Recursive list building: permutations of all lengths

Question

I've been having some trouble with recursion, especially with lists. I don't understand the process of 'building a list recursively' very well, since I don't really get where the lists are created. I have gotten this program to print out all the permutations of len(string) , but I would like to extend it so that it'll also give me the permutations of length 1 to len(string) - 1 . Here is what I have got:

def subset(string):
    result = []

    if len(string) == 0:
        result.append(string)
        return result
    else:
        for i in range(len(string)):
            shorterstring = string[ :i] + string[i+1: ]

            shortersets = subset(shorterstring)

            for s in shortersets:
                result.append(string[i] + s)
    return result

Which gives:

print(subset("rum"))
['rum', 'rmu', 'urm', 'umr', 'mru', 'mur']

I don't understand why that when I change result.append(string[i] + s) , to just result.append(s) , I get no output at all.

Answer 1

If you change result.append(string[i] + s) to result.append(s) , your code will only add permutations of length len(string) to results when len(string) == 0 .

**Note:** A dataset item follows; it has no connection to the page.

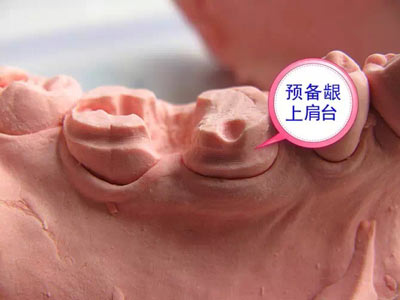 備牙應(yīng)注意的事項(xiàng)+備牙取摸損傷牙齦問(wèn)題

For your code to generate all permutations, the last for loop needs to be:

for s in shortersets:
    result.append(string[i] + s)
    result.append(s) 

Note that when used with the original code, you will actually end up adding multiple instances of the same permutations to the final output. You could fix this by making results a set instead of a list , but you might want to try re-writing your code to avoid this inefficiency altogether.